Source: UN COMTRADE.
Comparing Figures 1 and 2 confirms that sustained three month drops in Rare Earth shipments occur less often than one month drops. Australia witnessed nine three-month periods where its share of Rare Earth shipments from China dropped 75% below its average level—and it should be noted that some of those nine three-month periods might overlap with one another. As there are over 100 such consecutive three-month intervals between January 2010 and December 2019, this suggests that, if manipulation of exports to Australia occurred, it happened less than 10% of the time.
Again, if there is a nation that has had to cope with erratic shipments from China, it is Australia and not Japan. Indeed, of the members of the G7 and the European Union, only the United Kingdom witnessed Rare Earths shipments from China that were 75% or more below normal levels which lasted three months. At that only happened twice.
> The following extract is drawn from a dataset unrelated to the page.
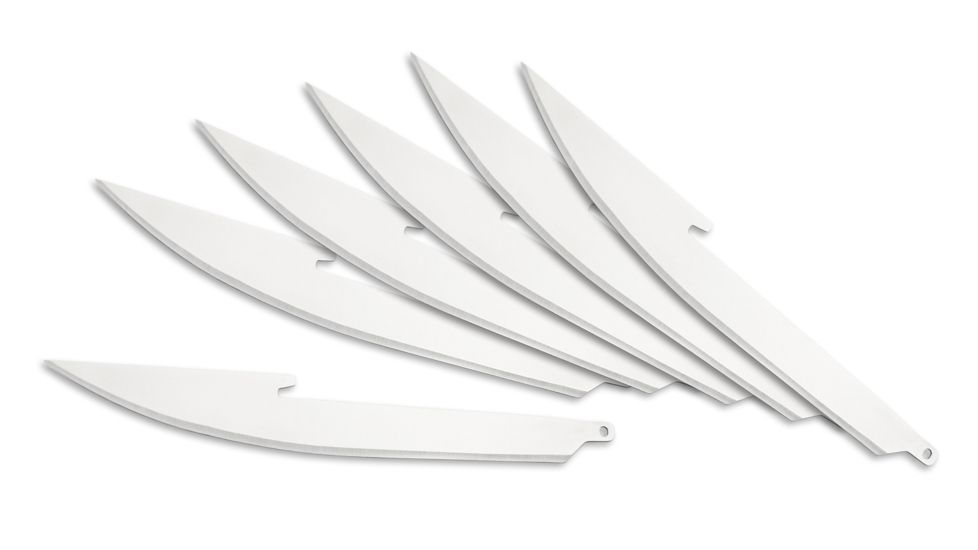 Outdoor Edge Cutlery 6pc 5in Boning Blade Pack, RR50-6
This evidence casts doubt on the notion that China has routinely weaponised Rare Earth exports against Western nations from 2010 to 2019, arguably an era where geopolitical rivalry intensified. We do not conclude that there were no episodes of disruption to exports but, as Figure 2 shows, with the exception of Australia, very few lasted more than two months. Bear in mind, however, that during the years 2010-14, Australia sourced less than a fifth of its Rare Earth needs from China (beaten only by the UK that sourced even less over that time frame, see Table 1).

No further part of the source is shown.